I am deeply involved in trying to solve the discrepancy between being interested in zen and trying to acquire all the things I've been accumulating

Monday, June 06, 2005

Da Vinci Flinchy

I usually avoid The Wall Street Journal like the plague. It isn't that I don't like the paper. Actually I think it has some fascinating articles but I just don't have the time to read another paper. Friday's Journal is always a temptation though because the Weekend Journal section is pretty hard to resist. What usually tips me over is a good article in the first section and this past Friday's paper did it again. Jeffrey A. Trachtenberg's article was simply must reading for any booklover. Entitled "Quest For Best Seller Creates a Pileup of Returned Books," it referred to the book biz as "an industry gone mad," and the details seem to prove it. In the last ten years, book returns have quadrupled from 200 million dollars to a whopping 800 million. The article told of a Time Warner warehouse with twenty million unsold books, two to four million of which will be deemed unsaleable even as remainders with their fate being recycling. And that's just one publisher!

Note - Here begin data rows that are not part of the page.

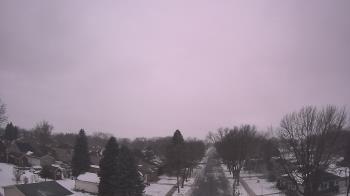 Weather camera view of Sibley East Middle and High School.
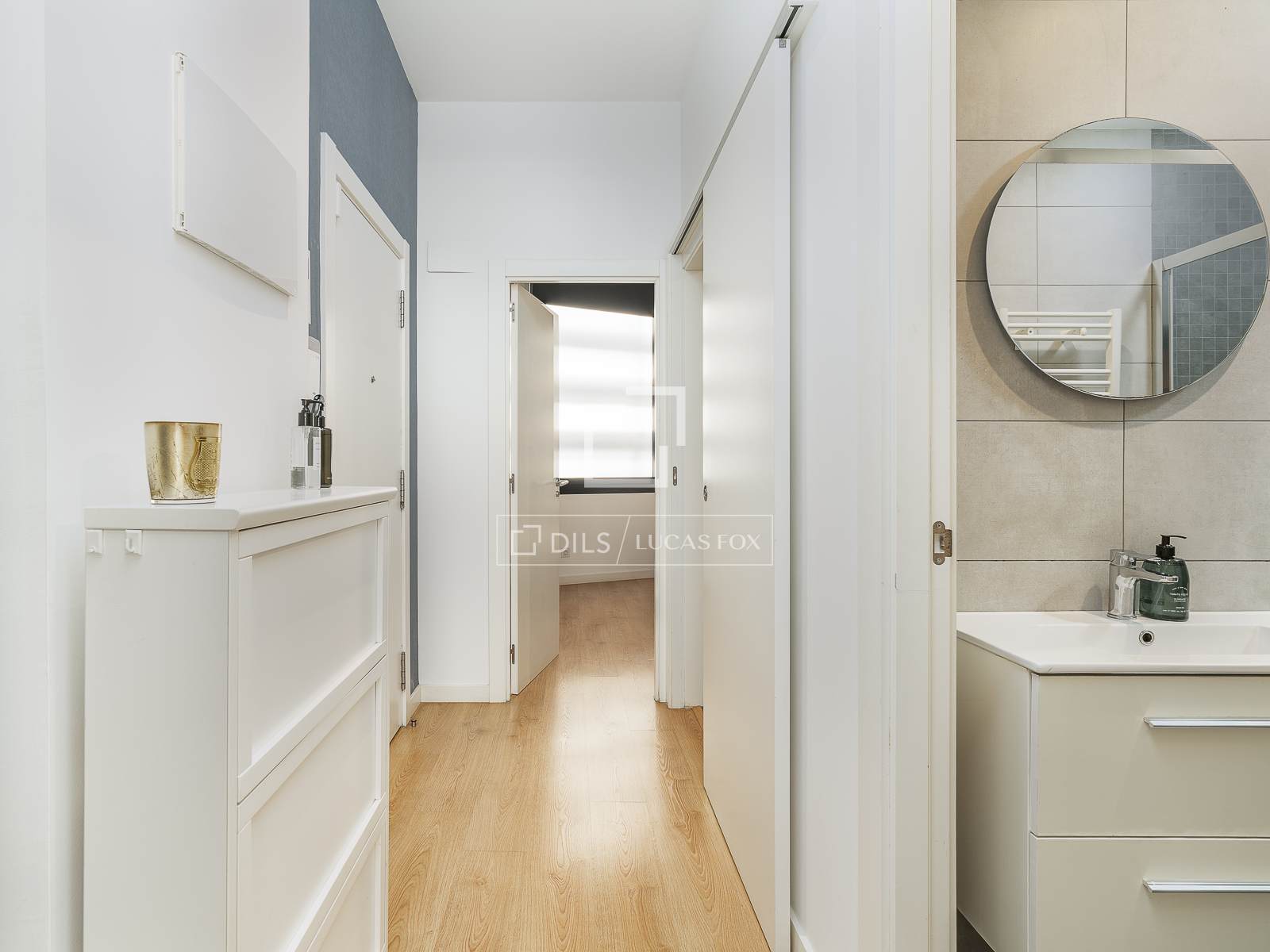 Apartment in Barcelona, Spain 2 bedrooms, 112 sq.m. No. 192567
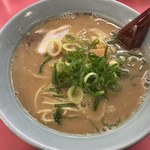 変わらない味、濃厚でクリーミーなラーメン！伏見の老舗店「ラーメン銀閣」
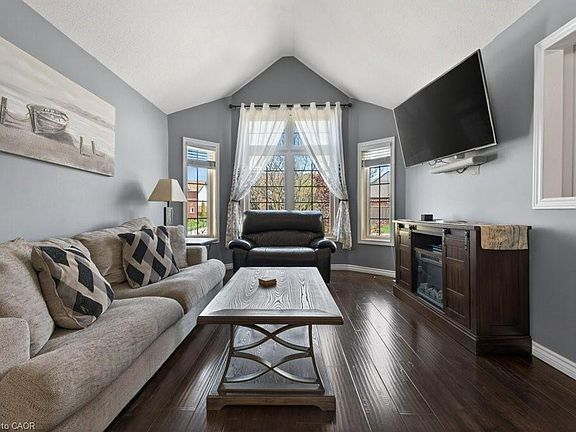 4th image of 4334 Arejay Ave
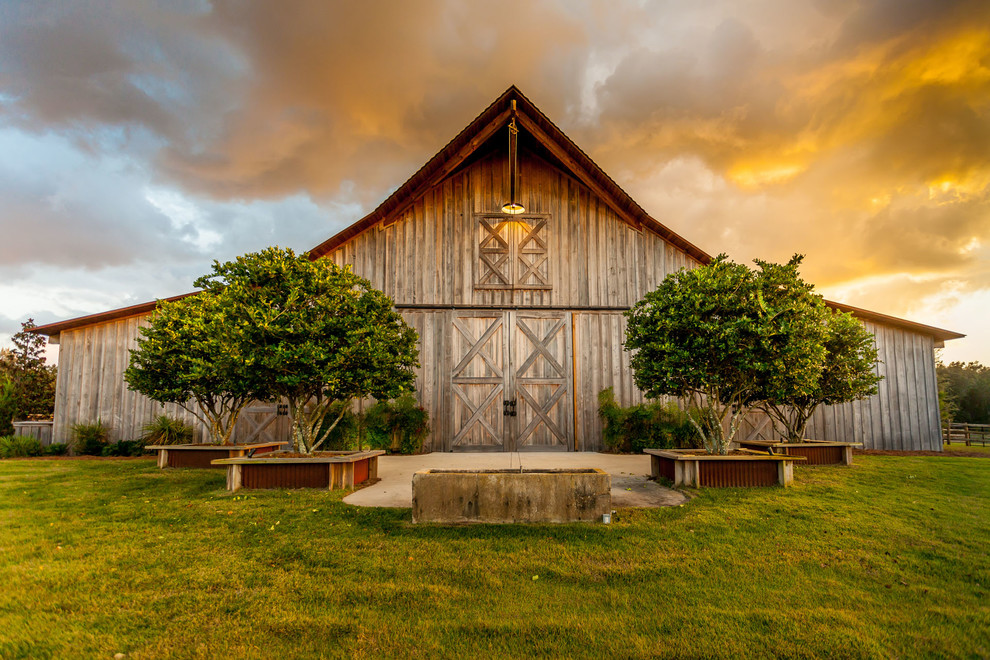 Diseño de fachada gris rural grande de una planta con revestimiento de madera y tejado a doble faldón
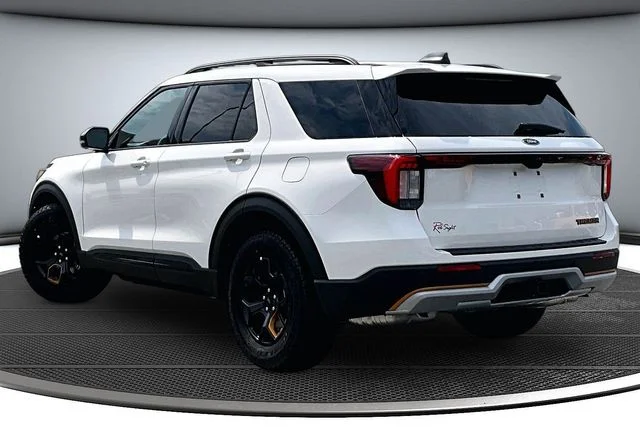 New 2026 Star White Metallic Tri-Coat Ford Tremor® image 3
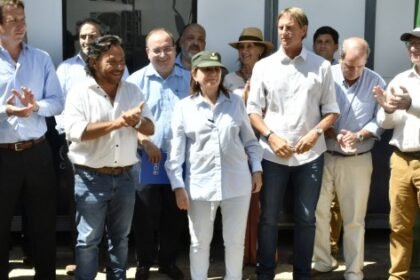 Patricia promete mejoras salariales a gendarmes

One of the most fascinating parts of the article was the long journey a book takes until it is returned to the publisher. In an example cited, books were shipped from a Time Warner warehouse in Indiana to a Barnes and Noble store in Marina Del Rey, California. After they remained unsold, they began a 2,800 mile journey back to Barnes and Noble's national distribution center in New Jersey (about seven miles from where I live). Barnes and Noble then sent the books on another 700 mile journey back to the Time-Warner Indiana warehouse. From there, they will eventually be sold as remainders and go on yet another journey, some of which will obviously be going back to Barnes and Noble yet again.

The subtitle of the article was: Hoping For a Da Vinci Code, Publishers Flood Stores. One can only wonder where this business is heading. It's pretty doubtful it'll have a pretty ending.

In related matters, there is a great piece in the latest New York Times Book Review (Cash Up Front) which tells what publishers have to do and pay to get their books prominently displayed in a bookstore. I guess the little guy just doesn't have much of a chance today. Maybe we can adopt a cause and do a little of our own impromptu display work on a title. Might be fun.